Understanding what recovery actually looks like, and what your role in it is, makes all of this feel less like guesswork.
Full recovery from an eating disorder is possible. Both the Butterfly Foundation and the National Eating Disorders Collaboration are clear on this, and the evidence is strongest when treatment is sought early and when family members are genuinely involved in the process, not just kept informed from a distance.
Many carers arrive at this point not knowing whether recovery is even realistic. It is.
What recovery isn’t, for most people, is a straight line. There will be weeks that feel like real progress followed by weeks that feel like the ground has shifted back. A hard period after a good one isn’t a return to square one, it’s part of how recovery actually works. Knowing that in advance means you won’t read a difficult week as evidence that nothing’s working.
Your role in all of this is more significant than most people realise, and more significant than most guides acknowledge.
The fact that you’re reading this, that you’re still trying to understand, still trying to show up, that matters more than you know. Supporting recovery from an eating disorder isn’t a background role. For a lot of people, the informed, present, sustainable presence of someone who loves them is what makes the difference between pushing through and giving up.
That’s not a small thing to be.
Sustained, informed presence is what actually moves the needle, showing up consistently and staying emotionally regulated rather than focusing on food intake or trying to fix meals. It’s much more sustainable when you’re working alongside a specialist who actively involves the family in treatment, rather than treating support as an afterthought.
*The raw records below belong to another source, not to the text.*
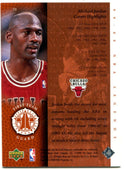 Michael Jordan Upper Deck First Team 2000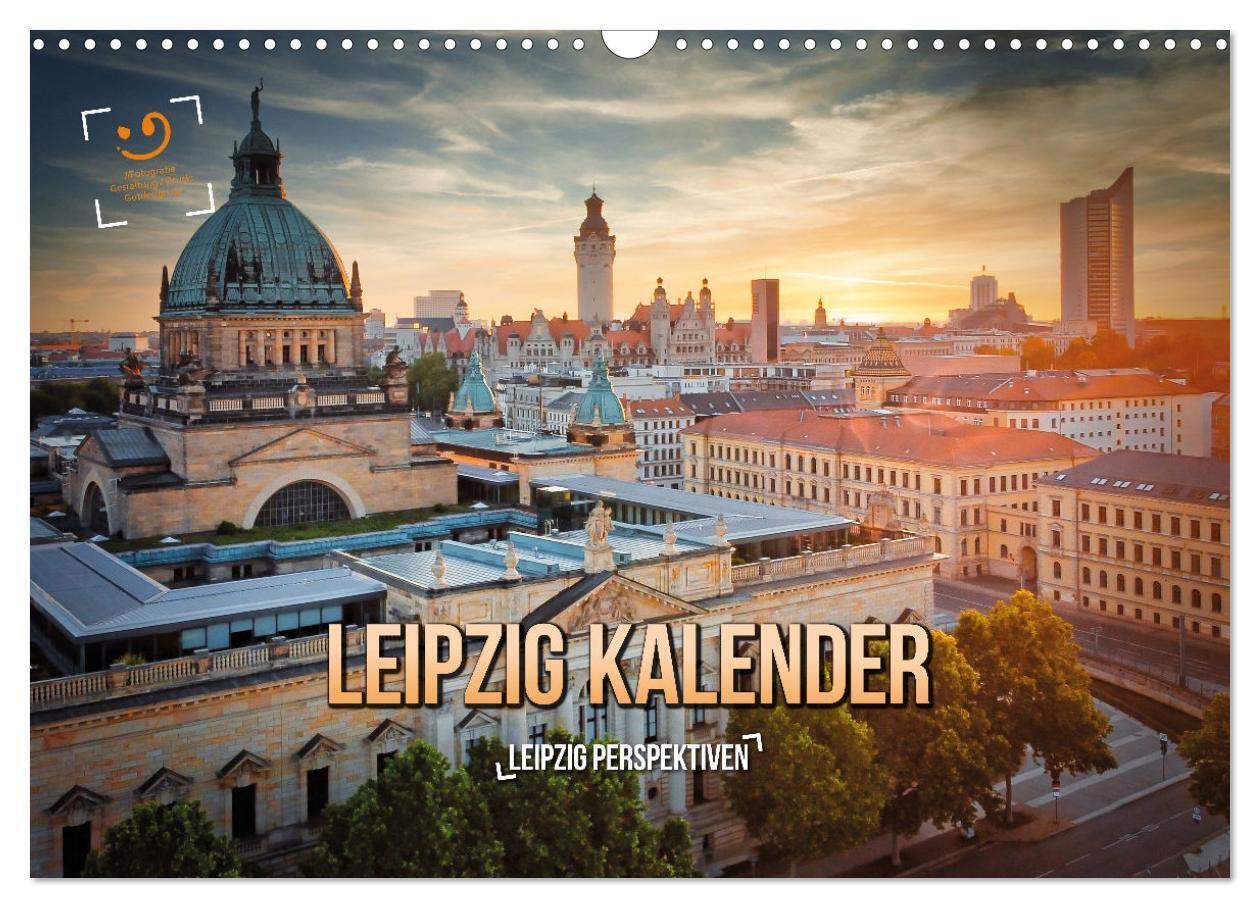 Cover: 9783675650121 | Leipzig Kalender Perspektiven (Wandkalender 2024 DIN A3 quer),...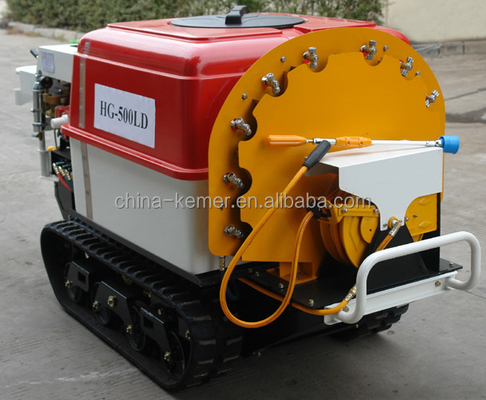 Small Drilling Rig with Hydraulic Transmission and Travel Motor Track Undercarriage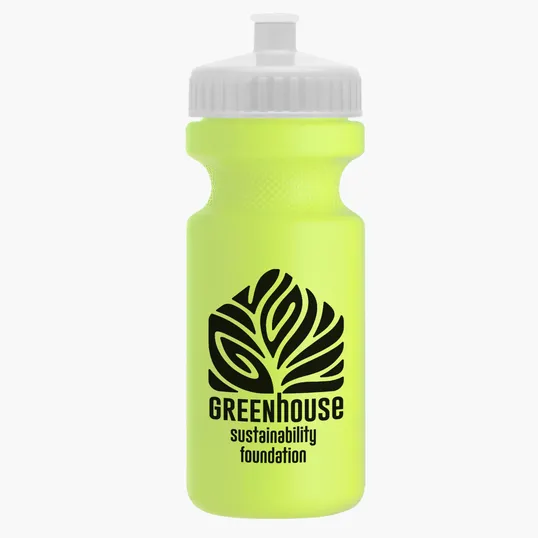 Garyline® Cyclist Recycled Bike Bottle with Push-Pull Lid, 22 oz. — view 216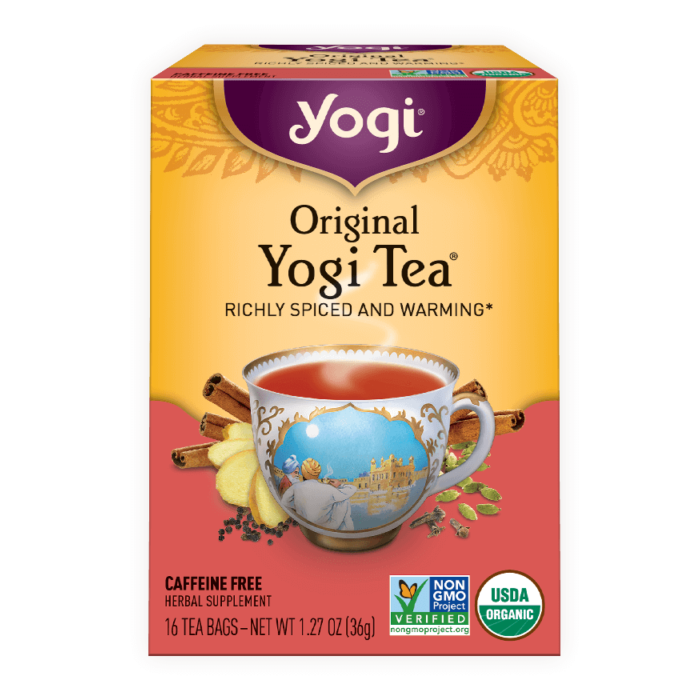 Original Yogi Tea<sup>®</sup>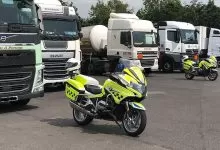 Șofer român de camion condamnat la închisoare în Marea Britanie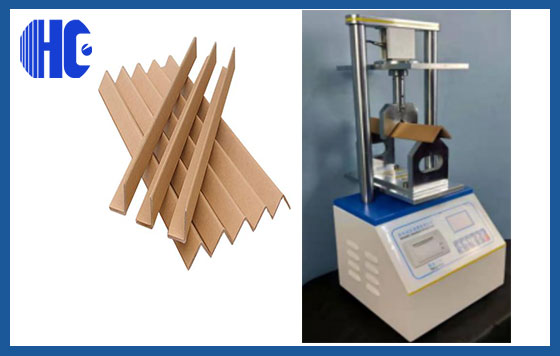 纸护角抗弯/抗压强度测试仪    纸护角纵向压力试验机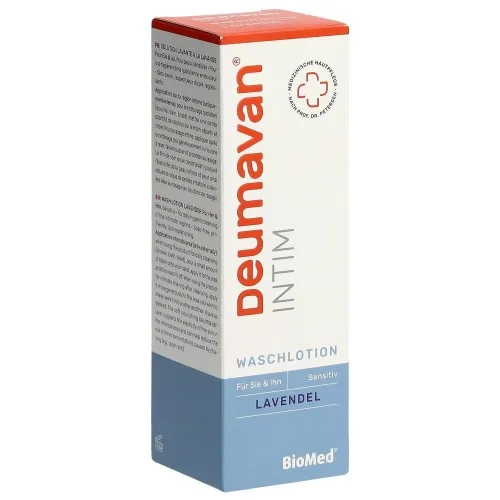 Deumavan, Deumavan Intim Lavendel Waschlotion (200ml)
Steer clear of any comment on appearance or body, in either direction. Avoid framing food as “good,” “bad,” “clean,” or “unhealthy.” And avoid letting your emotional state track their eating, relief when they eat, distress when they don’t, because even when it comes from love, it functions as pressure and deepens shame.
Lead with the relationship rather than the behaviour. Keep conversations short and low-stakes. Always leave the door open, pushing for resolution in a single sitting rarely works, and a conversation that ends gently is far more useful than one that ends in rupture.
Yes. According to the Butterfly Foundation and the National Eating Disorders Collaboration, full recovery is possible and well-documented, particularly when help is sought early and family members are genuinely involved. Recovery has setbacks built into it; that doesn’t make it less real.
Common triggers include stress, major life transitions, social comparison, disrupted routines, and comments about food or bodies, even well-intentioned ones. You don’t need to police every interaction. Knowing the landscape helps you reduce unintentional pressure without turning your relationship into a minefield.